Two ideas about how to move the United States back to normal, less acrid politics have warred with each other ever since Donald Trump rode division and resentment to power. On one side were calls for big-hearted efforts at reconciliation and mutual understanding. On the other was an insistence that the extremist virus had to be contained before anything better was possible.

President Biden’s State of the Union address on Thursday was about many things, especially a furious energy that countered talk about the limitations of his age. But above all, it marked the final collapse of the reconciliation strategy. It was an acknowledgment that sermons about putting aside our differences are out of touch with the country we have become.

It’s hard to imagine a more reluctant convert to the warrior class than Biden. A champion of bipartisanship, the veteran of 36 years in the Senate loves few things more than reminiscing about past friendships with some of his most reactionary colleagues. He proved that a degree of bipartisanship is still possible, earning cross-party support for his big infrastructure and technology investment programs. These and other Biden measures pushed huge sums into Trump-supporting states and counties.

None of this breached the barricades built out of mutual suspicion because you can’t reconcile with those who have no interest in civility or dialogue.

Hopes that Trump would fade away were stillborn. He is more radical and dangerous than ever. Immediately after the Jan. 6, 2021, attack on the Capitol, one Republican leader after another disowned him. Then came silence and, after that, surrender. The GOP’s capitulation was sealed after last week’s endorsement of Trump by Senate Minority Leader Mitch McConnell (R-Ky.), Biden’s old friend and a man well known to despise Trump.

There could be no better example of the futility of outreach than the fate of the tough bipartisan border bill that Biden and his party negotiated with Sen. James Lankford, a conservative stalwart from Oklahoma.

Lankford could only sadly nod in agreement when Biden in his address described the measure as “the toughest set of border security reforms we’ve ever seen” and touted its endorsement by the Trump-friendly Border Patrol union. Under orders from Trump, Republicans killed the concessions they had once demanded.

So Biden the peacemaker gave way to Biden the scrapper on behalf of a threatened democracy. He reached for the most dramatic metaphor available to him in expressing just how irreconcilable our differences have become. “Not since President Lincoln and the Civil War,” he declared, “have freedom and democracy been under assault at home as they are today.”

The models for Biden’s war strategy are Harry S. Truman, who spoke relentlessly but cheerfully of a “do-nothing Republican Congress,” and Theodore Roosevelt, who declared in accepting the Progressive Party’s 1912 nomination: “We stand at Armageddon, and we battle for the Lord.” Truman won. Roosevelt lost that time, but his progressive politics would shape the future.
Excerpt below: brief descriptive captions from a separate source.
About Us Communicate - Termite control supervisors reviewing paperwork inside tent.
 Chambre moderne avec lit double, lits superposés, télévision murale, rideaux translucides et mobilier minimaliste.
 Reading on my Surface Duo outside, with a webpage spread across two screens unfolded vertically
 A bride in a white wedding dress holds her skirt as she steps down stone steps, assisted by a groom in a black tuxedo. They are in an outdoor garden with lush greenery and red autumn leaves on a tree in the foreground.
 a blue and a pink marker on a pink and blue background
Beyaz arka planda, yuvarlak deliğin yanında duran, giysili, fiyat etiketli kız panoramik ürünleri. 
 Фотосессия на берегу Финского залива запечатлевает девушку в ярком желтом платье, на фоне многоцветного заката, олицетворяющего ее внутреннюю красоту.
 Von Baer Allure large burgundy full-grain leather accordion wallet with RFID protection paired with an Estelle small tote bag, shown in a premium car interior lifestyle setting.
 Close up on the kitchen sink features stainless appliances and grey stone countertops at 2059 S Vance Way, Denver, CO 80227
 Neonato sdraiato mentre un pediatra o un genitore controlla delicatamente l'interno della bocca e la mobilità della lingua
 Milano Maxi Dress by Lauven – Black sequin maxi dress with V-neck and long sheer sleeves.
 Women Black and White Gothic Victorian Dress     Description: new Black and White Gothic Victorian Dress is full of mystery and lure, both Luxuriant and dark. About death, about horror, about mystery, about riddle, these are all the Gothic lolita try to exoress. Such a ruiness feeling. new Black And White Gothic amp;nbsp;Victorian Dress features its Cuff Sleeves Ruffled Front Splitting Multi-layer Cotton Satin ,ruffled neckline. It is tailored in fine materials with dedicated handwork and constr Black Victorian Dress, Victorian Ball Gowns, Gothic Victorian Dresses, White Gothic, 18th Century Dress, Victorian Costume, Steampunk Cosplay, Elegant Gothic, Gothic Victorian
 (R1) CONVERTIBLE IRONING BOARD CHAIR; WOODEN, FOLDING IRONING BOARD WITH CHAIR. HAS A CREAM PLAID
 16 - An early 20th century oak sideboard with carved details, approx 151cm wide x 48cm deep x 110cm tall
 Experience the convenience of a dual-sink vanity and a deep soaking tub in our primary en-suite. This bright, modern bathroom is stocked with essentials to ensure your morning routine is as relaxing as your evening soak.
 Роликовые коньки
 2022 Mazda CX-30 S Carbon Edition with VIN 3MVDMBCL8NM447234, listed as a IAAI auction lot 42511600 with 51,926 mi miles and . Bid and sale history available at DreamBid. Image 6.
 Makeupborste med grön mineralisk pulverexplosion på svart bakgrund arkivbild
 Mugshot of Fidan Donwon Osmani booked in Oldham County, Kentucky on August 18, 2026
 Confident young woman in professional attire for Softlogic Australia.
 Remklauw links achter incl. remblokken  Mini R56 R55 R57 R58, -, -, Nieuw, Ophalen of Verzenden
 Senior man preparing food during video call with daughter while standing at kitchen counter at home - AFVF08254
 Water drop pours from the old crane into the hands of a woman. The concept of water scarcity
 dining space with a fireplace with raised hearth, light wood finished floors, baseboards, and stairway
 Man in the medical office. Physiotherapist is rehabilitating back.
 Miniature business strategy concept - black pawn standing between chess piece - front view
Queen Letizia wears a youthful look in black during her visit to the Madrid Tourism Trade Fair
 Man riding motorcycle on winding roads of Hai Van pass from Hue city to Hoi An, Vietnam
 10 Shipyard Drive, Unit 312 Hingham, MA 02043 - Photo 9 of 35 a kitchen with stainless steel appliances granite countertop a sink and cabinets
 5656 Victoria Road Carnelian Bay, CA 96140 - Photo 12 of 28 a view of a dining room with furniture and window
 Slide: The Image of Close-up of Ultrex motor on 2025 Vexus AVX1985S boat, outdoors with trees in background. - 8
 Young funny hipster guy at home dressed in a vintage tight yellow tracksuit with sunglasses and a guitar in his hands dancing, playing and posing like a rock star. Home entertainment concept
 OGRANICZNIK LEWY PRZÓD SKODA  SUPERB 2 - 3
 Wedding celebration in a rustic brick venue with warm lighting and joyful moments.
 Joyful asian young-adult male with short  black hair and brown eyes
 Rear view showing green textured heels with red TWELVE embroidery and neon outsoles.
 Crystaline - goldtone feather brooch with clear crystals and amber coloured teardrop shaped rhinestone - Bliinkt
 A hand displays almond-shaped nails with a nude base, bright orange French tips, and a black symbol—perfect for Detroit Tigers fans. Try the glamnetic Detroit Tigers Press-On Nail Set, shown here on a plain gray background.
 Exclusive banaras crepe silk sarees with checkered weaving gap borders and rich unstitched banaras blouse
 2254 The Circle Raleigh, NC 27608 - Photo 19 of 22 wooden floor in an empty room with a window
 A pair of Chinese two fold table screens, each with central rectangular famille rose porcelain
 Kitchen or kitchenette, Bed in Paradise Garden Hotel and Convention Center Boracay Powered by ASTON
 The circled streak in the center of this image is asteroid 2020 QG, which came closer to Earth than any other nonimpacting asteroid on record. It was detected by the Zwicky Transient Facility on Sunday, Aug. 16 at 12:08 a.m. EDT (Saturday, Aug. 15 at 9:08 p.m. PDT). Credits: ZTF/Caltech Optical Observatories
A strategy of warfare requires tactical decisions. Rallying Democrats was the first priority of his speech, but Biden made two of his other top objectives obvious. He intends to fight hard for the kinds of Republicans and independents who rallied to Nikki Haley’s candidacy by making clear that he will stand up for Ukraine’s survival and stand strong against Vladimir Putin’s threats. His pointed contrast of Trump with Ronald Reagan reminded many Republicans of a heritage their soon-to-be nominee would squander by “bowing down to a Russian leader.”

Biden’s emphasis on reproductive rights, including in vitro fertilization, also appeals to a large share of middle-of-the-road and even moderately conservative suburbanites, particularly women, who see radicalism in the drive to upset the old status quo on abortion access.

At the same time, Biden still sees himself as a friend to “working families,” including union members — no matter how many of them might be in Trump’s camp for now.

Pundits frequently deride policy proposals as “laundry lists.” But offering detail about what government could do to ease the day-to-day problems of the non-affluent — from health care to child care to the curse of “junk fees” and “price gouging” — is popular with the many voters who long to escape the trenches of our cold civil war. It’s a vision of a politics that refocuses on the everyday. And Biden’s plea for tax fairness calls the bluff of a political adversary who is about as “populist” as the dues-paying members of Mar-a-Lago and Bedminster.

Still, there’s no way back to the normal skirmishes of democracy and the possibilities of civic friendship without first routing those who threaten democracy itself. They thrive only in a politics that sees domestic enemies everywhere and view groups they dislike as “poisoning the blood of our country.”

Biden finds his comfort zone in compromises over infrastructure bills and budgets. He’ll have to live the next eight months far from that happy place, doing battle against the forces of “resentment, revenge and retribution” that make the approach to public life he loves impossible.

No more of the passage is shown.